[Captioned web images]
• • • • •
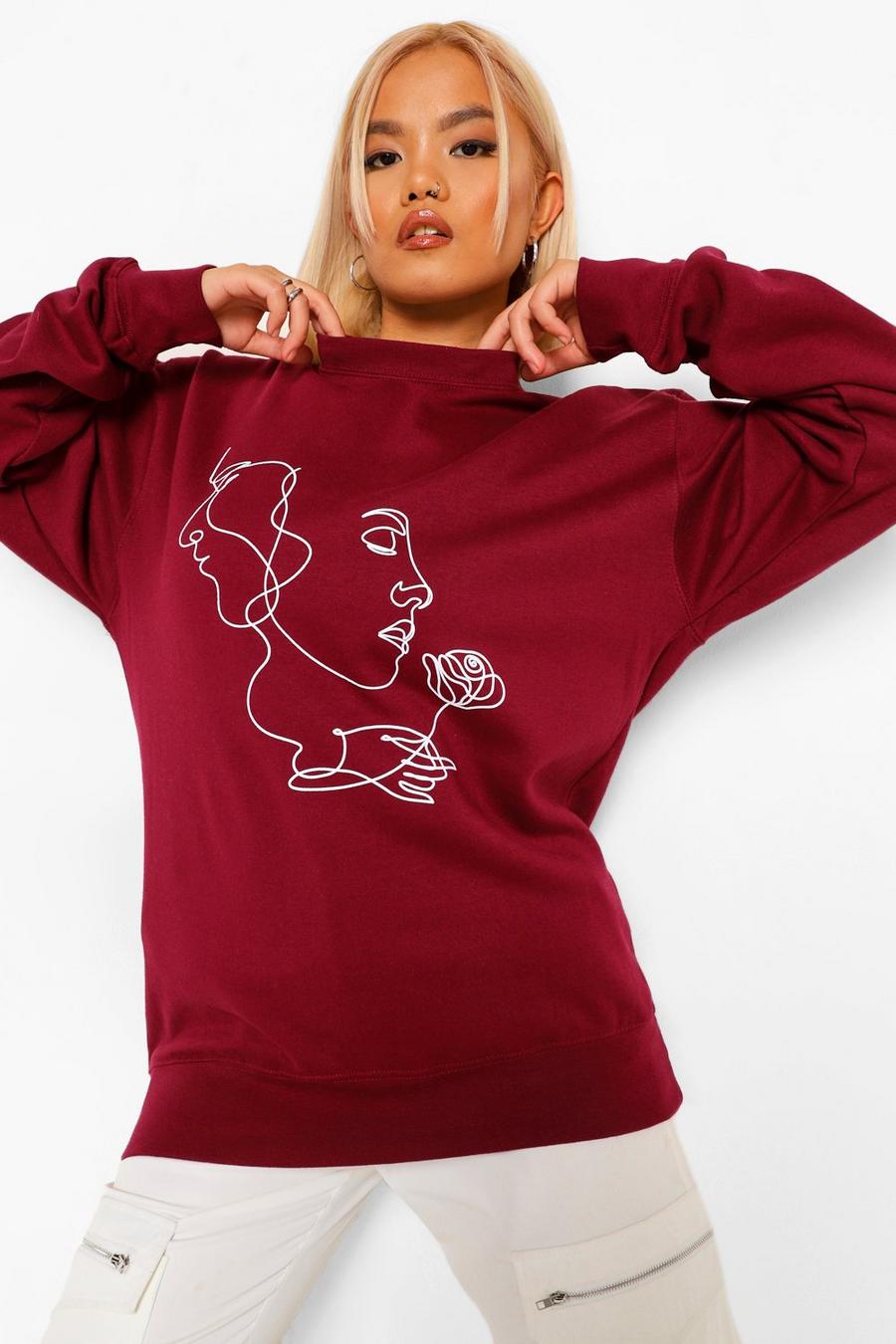 Maroon Petite Abstract Scribble Rose Print Sweatshirt image number 1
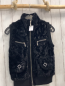 Preview: New Sensation  Weste  Gr. 152  schwarz Plüsch silber Reißverschlüsse beige Futter mit leoprint 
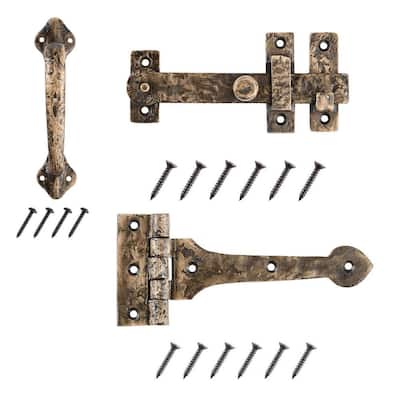 7.5 in. Antique Brass Drop Bar Latch Gate Set with 8 in. Tee Hinge and 8 in. Door Pull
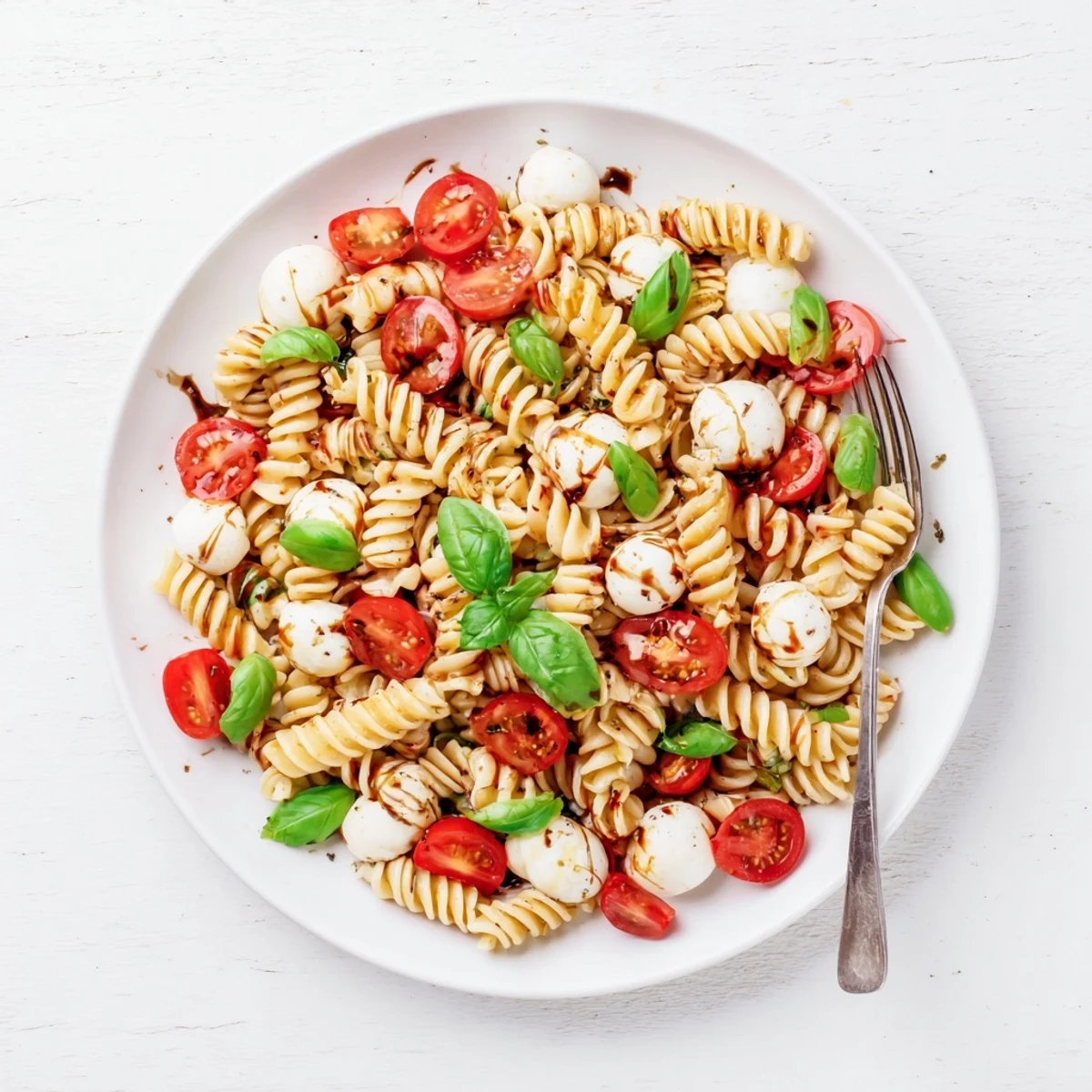 Easy Caprese Pasta Salad Recipe: al dente pasta, juicy tomatoes, aromatic basil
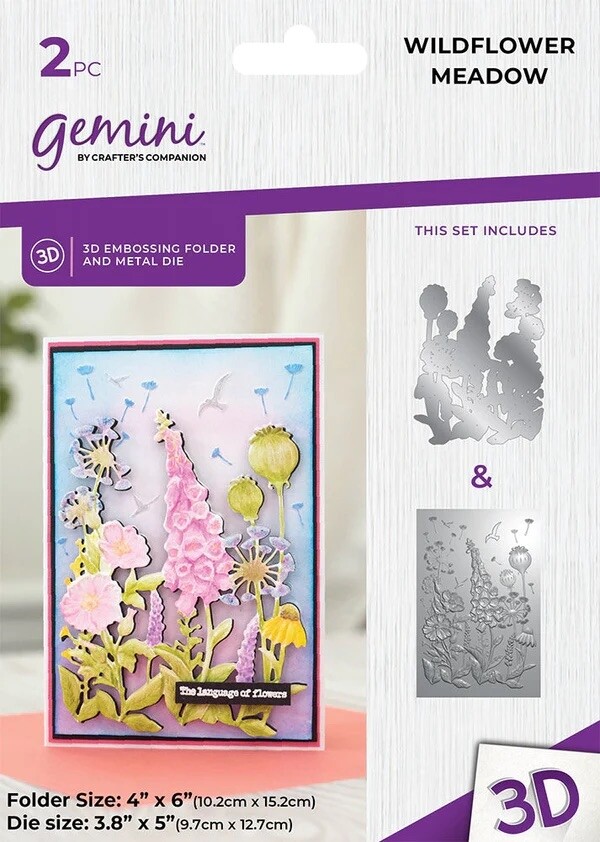 Gemini - 3D Embossingfolder/Snijmal 4"x6" - Wildflower Meadow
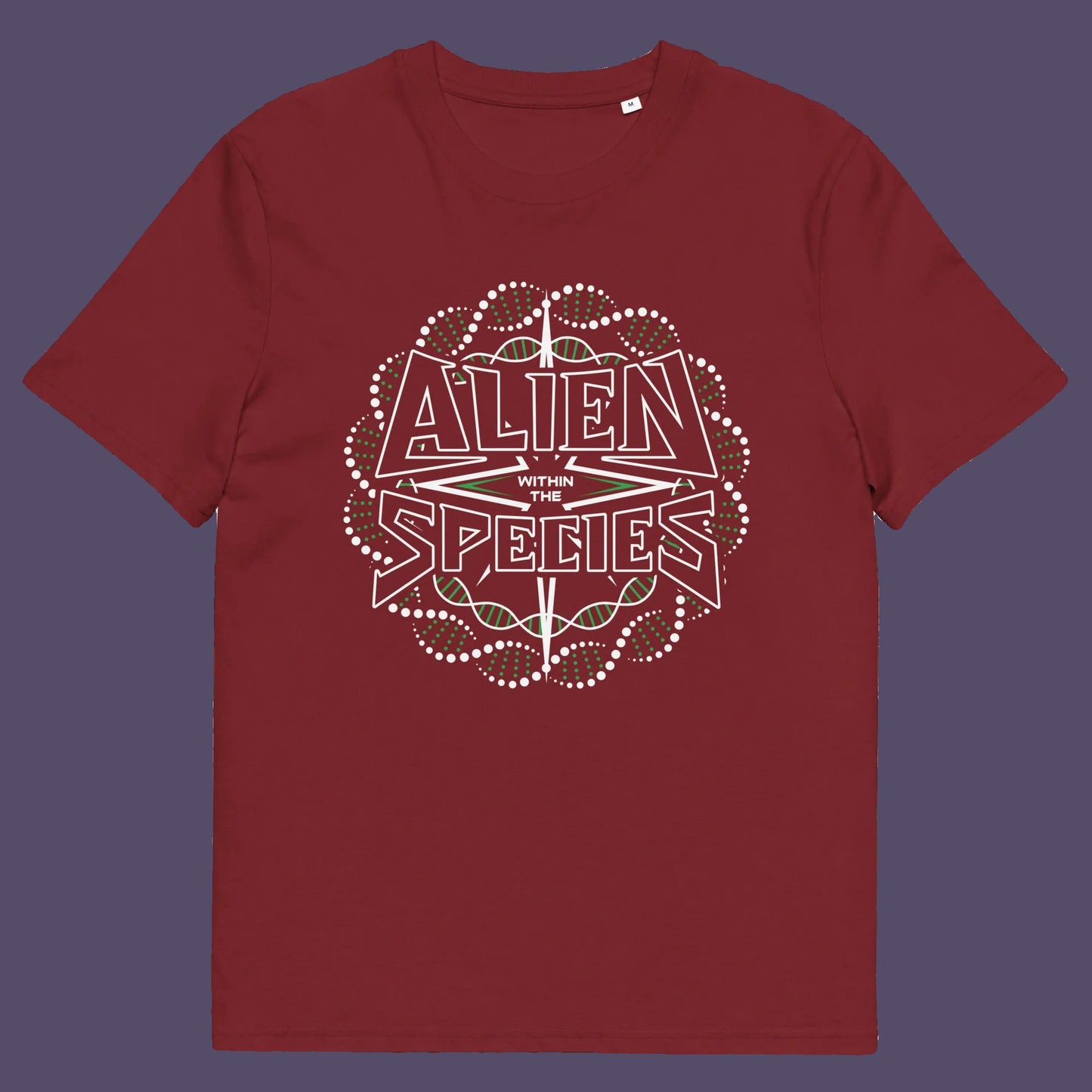 Burgundy t shirt. This non conformist t shirt expands the use of the word 'Alien'. This design is ideal for everyone that feels they don't truly relate to the rest of humankind and modern society. Made from 100% organic ring-spun cotton, this counter culture t-shirt is unisex, high-quality, super comfy, and best of all, eco-friendly.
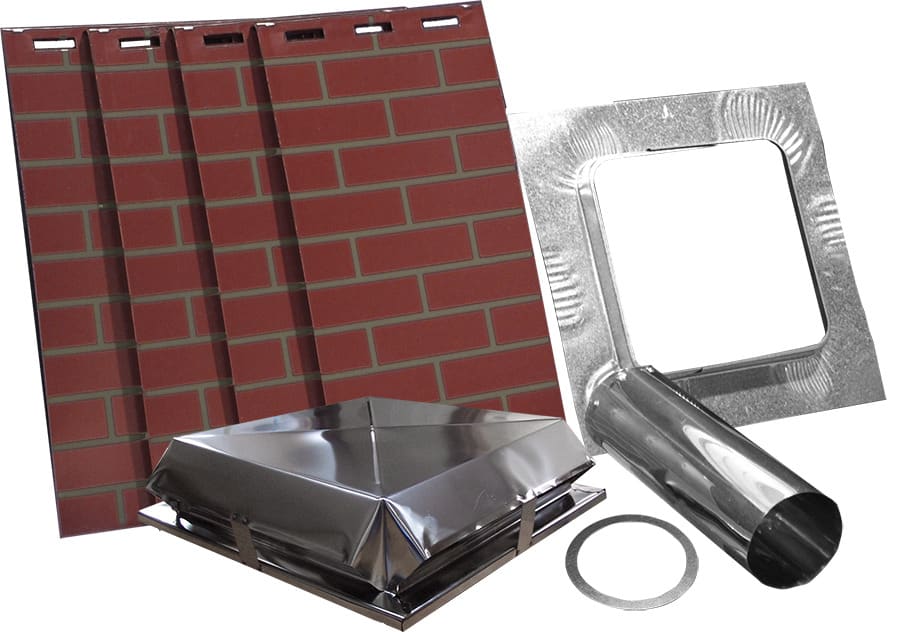 AirJet Chimney Housing Kit Tan Brick 17" x 17" x 3'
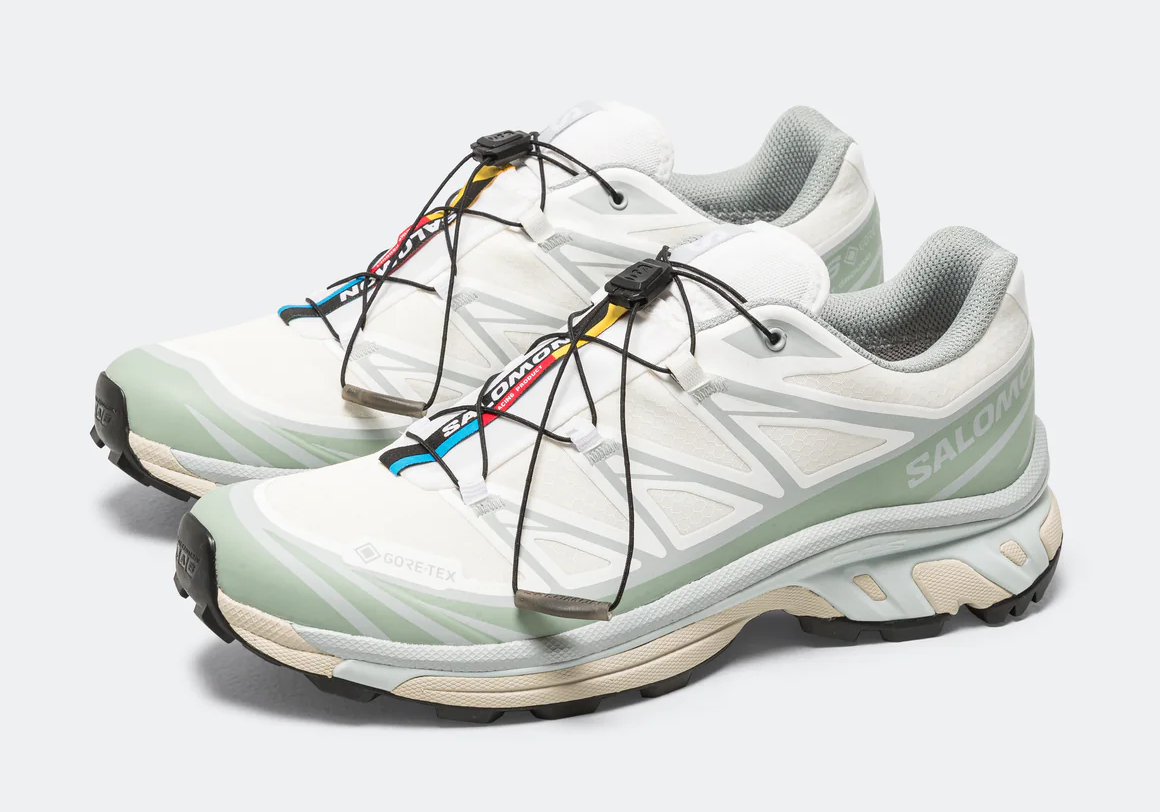 Salomon XT-6 GORE-Tex Women's Trail Running Shoe in White Green Milieu-Ice Flow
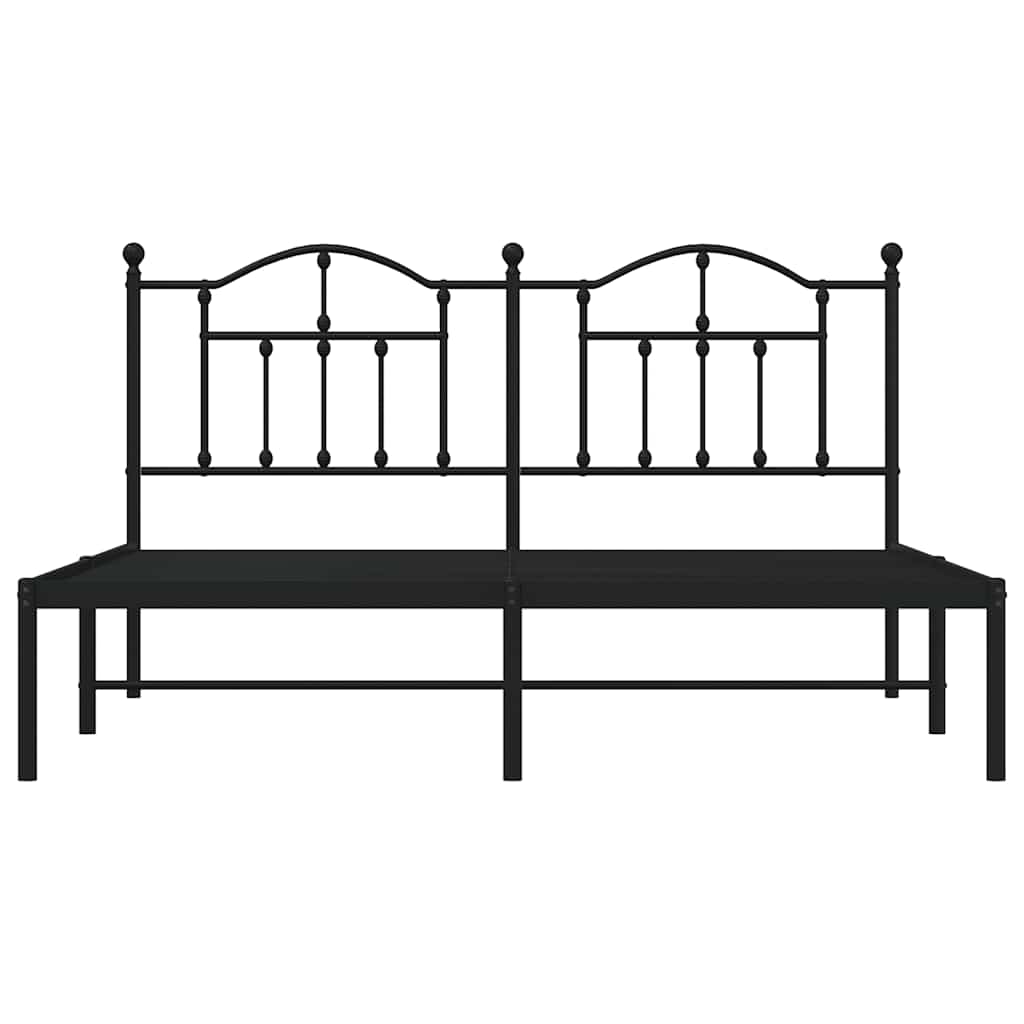 Cadre de lit métal sans matelas avec tête de lit noir 183x213cm - XIOS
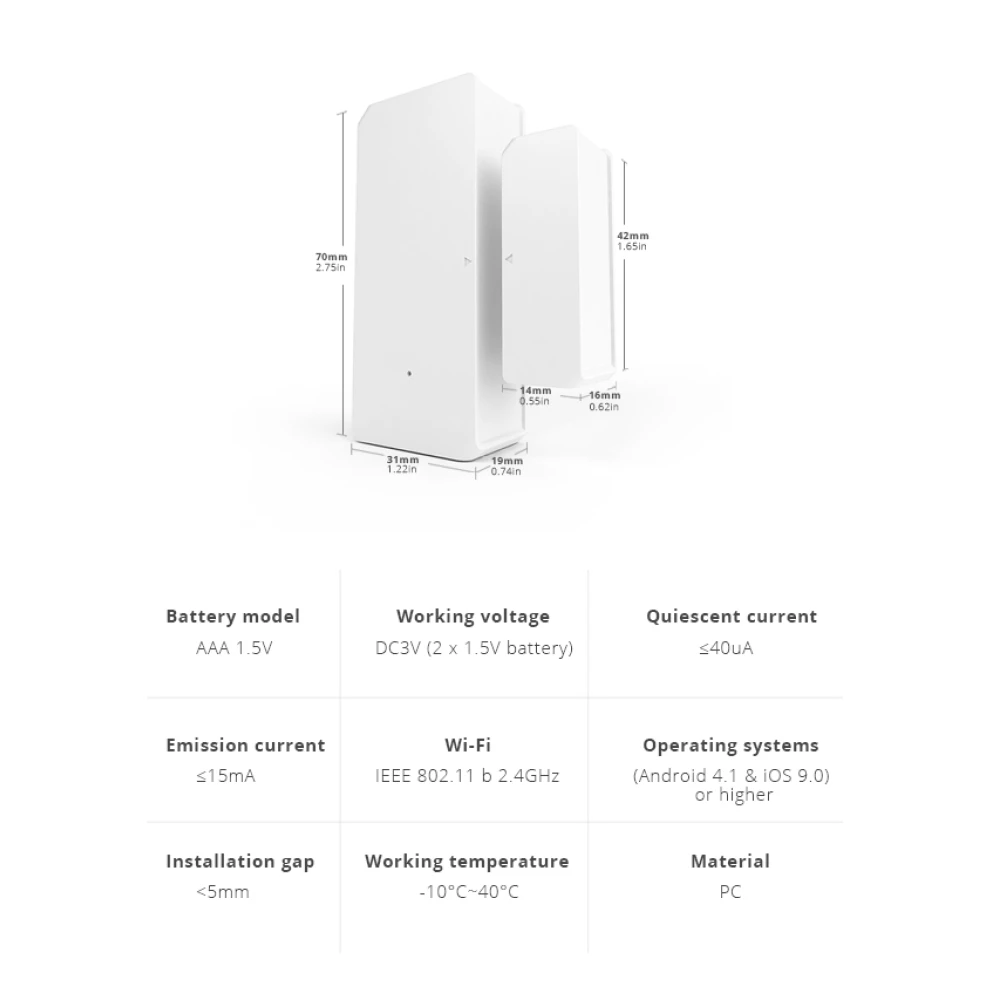 SONOFF SDW2 WiFi bezdrátový senzor otevření dveří a oken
• • • • •
Activity:
Copy out the lines above from the line containing "Easy Caprese Pasta" through the line containing "AirJet Chimney Housing", exactly, and keep the pictures out.

Exercise result:
 Easy Caprese Pasta Salad Recipe: al dente pasta, juicy tomatoes, aromatic basil
 Gemini - 3D Embossingfolder/Snijmal 4"x6" - Wildflower Meadow
 Burgundy t shirt. This non conformist t shirt expands the use of the word 'Alien'. This design is ideal for everyone that feels they don't truly relate to the rest of humankind and modern society. Made from 100% organic ring-spun cotton, this counter culture t-shirt is unisex, high-quality, super comfy, and best of all, eco-friendly.
 AirJet Chimney Housing Kit Tan Brick 17" x 17" x 3'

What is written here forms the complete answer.